WORK TASK
From the first line of the data below, copy each line up to the one containing "So particle physics.", and include that line too.

--------------------------------

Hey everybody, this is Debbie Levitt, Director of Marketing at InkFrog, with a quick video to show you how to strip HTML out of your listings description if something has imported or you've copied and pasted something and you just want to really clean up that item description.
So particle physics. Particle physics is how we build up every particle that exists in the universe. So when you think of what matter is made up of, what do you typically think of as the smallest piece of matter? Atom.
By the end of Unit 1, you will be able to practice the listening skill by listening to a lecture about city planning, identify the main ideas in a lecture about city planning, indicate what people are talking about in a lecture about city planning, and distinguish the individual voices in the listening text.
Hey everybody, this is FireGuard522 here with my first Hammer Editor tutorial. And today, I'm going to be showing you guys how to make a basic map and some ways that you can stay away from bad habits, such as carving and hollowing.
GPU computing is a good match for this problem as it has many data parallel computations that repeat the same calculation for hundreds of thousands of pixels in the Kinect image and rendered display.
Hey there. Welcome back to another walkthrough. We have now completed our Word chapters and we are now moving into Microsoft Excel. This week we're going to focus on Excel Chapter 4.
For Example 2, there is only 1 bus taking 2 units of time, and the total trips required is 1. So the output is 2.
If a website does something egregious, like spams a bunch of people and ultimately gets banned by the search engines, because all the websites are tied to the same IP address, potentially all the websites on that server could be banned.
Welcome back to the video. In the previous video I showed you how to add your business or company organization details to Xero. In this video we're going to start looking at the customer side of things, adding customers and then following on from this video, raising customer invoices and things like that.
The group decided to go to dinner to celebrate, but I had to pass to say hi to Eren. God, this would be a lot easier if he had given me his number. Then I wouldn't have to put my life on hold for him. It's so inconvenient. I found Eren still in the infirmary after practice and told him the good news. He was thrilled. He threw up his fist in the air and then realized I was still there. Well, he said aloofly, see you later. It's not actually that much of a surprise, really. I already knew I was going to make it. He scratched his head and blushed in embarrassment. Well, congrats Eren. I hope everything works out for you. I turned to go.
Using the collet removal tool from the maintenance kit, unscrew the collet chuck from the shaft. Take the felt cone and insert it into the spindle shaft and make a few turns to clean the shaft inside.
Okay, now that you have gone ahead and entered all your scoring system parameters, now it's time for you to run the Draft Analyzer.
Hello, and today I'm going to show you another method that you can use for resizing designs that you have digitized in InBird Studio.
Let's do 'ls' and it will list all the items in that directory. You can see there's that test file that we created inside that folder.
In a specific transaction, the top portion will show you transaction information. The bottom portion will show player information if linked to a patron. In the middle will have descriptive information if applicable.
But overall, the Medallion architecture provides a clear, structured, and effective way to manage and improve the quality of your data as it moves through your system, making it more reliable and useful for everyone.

--------------------------------

TASK OUTPUT
Hey everybody, this is Debbie Levitt, Director of Marketing at InkFrog, with a quick video to show you how to strip HTML out of your listings description if something has imported or you've copied and pasted something and you just want to really clean up that item description.
So particle physics. Particle physics is how we build up every particle that exists in the universe. So when you think of what matter is made up of, what do you typically think of as the smallest piece of matter? Atom.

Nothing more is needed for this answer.